Entwicklung in Kröftel

Viele Tips für die Entwicklung in Kröftel




IDSTEIN-KRÖFTEL Großer Andrang herrschte am im Kröfteler Dorfgemeinschaftshaus, als sich eine Gruppe Mainzer Fachhochschul-Studenten mit ihren Arbeiten über Dorfentwicklungsprojekte für den idyllisch im Grünen gelegenen Idsteiner Stadtteil vorstellte.

"Wohnqualität statt Quantität", "Knotenpunkt Kröftel", "Erholung, Education, Natur, Tourismus", "Cruftella columella" - so hießen einige der neun vorgestellten Ansätze, denen allen gemein war, dass sie sich auf intensive Weise mit den Gegebenheiten des Dorfes auseinandersetzten und völlig neue Entwicklungsmöglichkeiten für den Ort herausarbeiteten - Möglichkeiten und Ideen, auf die sicherlich niemand kommen würde, der nicht von außerhalb, also quasi objektiv, sich dem Ort und seinem Charakter nähert.

"Wir von der Fachhochschule Mainz kommen von außen, bleiben im Theoretischen und liefern damit eine Art objektiver Arbeit." erläuterte Dipl.
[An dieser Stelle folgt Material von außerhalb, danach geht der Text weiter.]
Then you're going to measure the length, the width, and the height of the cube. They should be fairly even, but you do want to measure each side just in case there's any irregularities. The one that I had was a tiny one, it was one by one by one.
Ing. Susanne Reiß, Professorin für Städtebau an der Mainzer Einrichtung, die in den vergangenen Jahren eine ganze Reihe von Aufgabenstellungen und Projekte für ihre Studenten in Idstein erarbeitet hat. "Wir sind keinen Zwängen unterworfen, müssen uns nicht nach finanziellen Rahmenbedingungen, Eigentumsverhältnissen oder ähnlichen Einschränkungen richten", fügte die Professorin hinzu.
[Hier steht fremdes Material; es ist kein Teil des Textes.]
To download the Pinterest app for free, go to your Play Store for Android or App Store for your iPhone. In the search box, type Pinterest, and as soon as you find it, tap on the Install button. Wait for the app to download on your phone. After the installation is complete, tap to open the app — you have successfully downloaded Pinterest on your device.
So trafen denn auch einige der Ideen, die die Studentengruppen vorstellten, auf einiges Amüsement bei den Kröfteler Bürgern. Die Umnutzung einer zentral im Dorf gelegenen Hofstelle als Treffpunkt und Übernachtungsmöglichkeit für überregional unterwegs befindliche Wanderer, Radfahrer, Reiter, die selbstverständlich im Besitz einer Familie ist, ist natürlich genauso theoretisch wie der Ausbau eines Reiterhofes mit großer Halle, Stallungen, Reitplatz oder die Wiedereinrichtung der Kröfteler Schule als Grundschule, die dann in dem Plan der Studenten mit einem neuen Kindergarten, einem Jugendzentrum und einem Kultur- und Kommunikationshaus eine neue inhaltliche Dorfmitte bilden soll. Dazu käme in den Planungen dann außerdem eine äußerlich neu gestaltete Mitte mit Marktplatz, Gasthof, Bäckerei, einem mit Wasserlauf und Brunnen neu gebauten Dorfplatz.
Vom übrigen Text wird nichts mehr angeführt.